Since the October 7 attack and the war it precipitated, things have taken a drastic turn for the worse. One of the most notable repercussions is that the Israeli public has ruled out any and every political engagement with Palestinians, whose horrific suffering no longer resonates with Israeli society on a human and moral level. Accordingly, one of this attack’s "virtues" is that it turned the war of all against all into reality that has been manifested in the strong mercilessly gnawing at the weak.
 
However, the burning question that the Palestinians cannot afford to postpone or ignore remains: How can we get Israeli public opinion to look like it did in the early 1990s, especially since the imbalance of power has reached astronomical levels since then?
 
Today, one gets a sense that the notion of addressing this public, and aspiring to change its opinion, has been revalorized. This inclination, however, remains timid and hesitant, and its hesitance and timidity has been magnified by the Israeli army’s perpetuation of its genocide of Gaza and its displacement of the Strip's population or the recent project to divide the West Bank, to say nothing about Netanyahu flirting with the slogan "Greater Israel."
 
It is crucial to build on the moral defeats that the Jewish state has suffered and continues to suffer as it sweeps from one military victory to another.

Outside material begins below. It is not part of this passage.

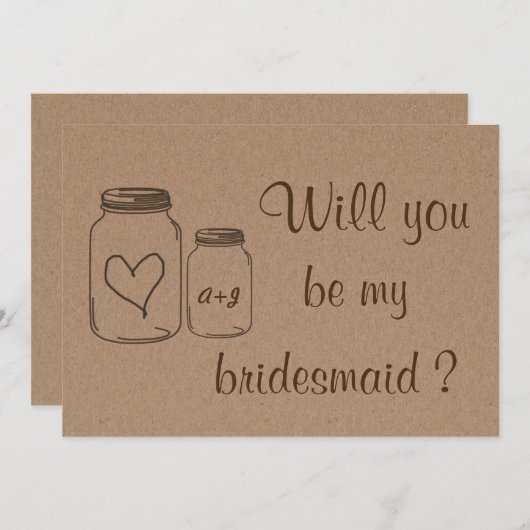 Rustieke Masonjar Hart Wil je mijn Bruidsmeisje zi Kaart (Voorkant / Achterkant)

Every day, larger numbers of Israelis come to the view that the course taken by Benjamin Netanyahu and his coalition is turning Israel into a repugnant country and a sick society that is becoming less safe and increasingly isolated, the more brutal its actions become and the more victories its army accumulates.
 
In this sense, there seems to be an urgent need for efforts to bridge the gap between the resonance of this injustice among the global public and the Israeli public's (non) response to the world's reactions and its failures to link them to its declining moral conditions and ethical standing. As for investing in this effort and pushing in this direction, it will naturally need time and patience, as well as initiatives on both fronts of the conflict that defy convention and challenge the mainstream.
 
It is here that the need for a program that reassures both sides of the conflict emerges: the protests against Netanyahu and his government are concerned with the hostages held by Hamas, and they continue to orbit a planet with almost no link to the pursuit of ending the death in Gaza because it is a noble goal in itself, to say nothing about the right of the Palestinians, like all the other peoples of the world, to a state.
 
On the other side, just as the slogan of "liberating Palestine" had previously been abandoned in favor of "erasing the repercussions of aggression," there is a need to discard the rest of the arsenal of ideological slogans (eliminating Israel, from the river to the sea, Palestine will be an Islamic Waqf, etc...), and for open, broad, and radical criticism of the October 7 attack. Both have become necessary prerequisites for the transition politics and for addressing Israeli public opinion.
 
Two weeks ago, Avraham Burg, a former chairman of the Jewish Agency and the World Zionist Organization, and former Knesset Speaker, called on the world's Jews to "rebel" and engage in "moral resistance," accusing his state of committing crimes against humanity in Gaza. He called on one million of them, less than a tenth of the world's Jewish population, to sue the Jewish state at the International Court of Justice in The Hague. "We will not allow the State of Israel, which systematically inflicts violence on a civilian population, to speak in our name, and we will not allow Judaism to be used as a cover for crimes."
 
True, there is no reason to get carried away and expect such positions to have an immediate impact, which would be akin to assuming that a single swallow makes the spring season. However, it is certainly possible to broaden this phenomenon and impel other figures to follow Burg’s example, especially if an equivalent emerges on the other side and a Palestinian with Burg's moral authority voices opposition to thuggish actions as eloquently and unequivocally as he did.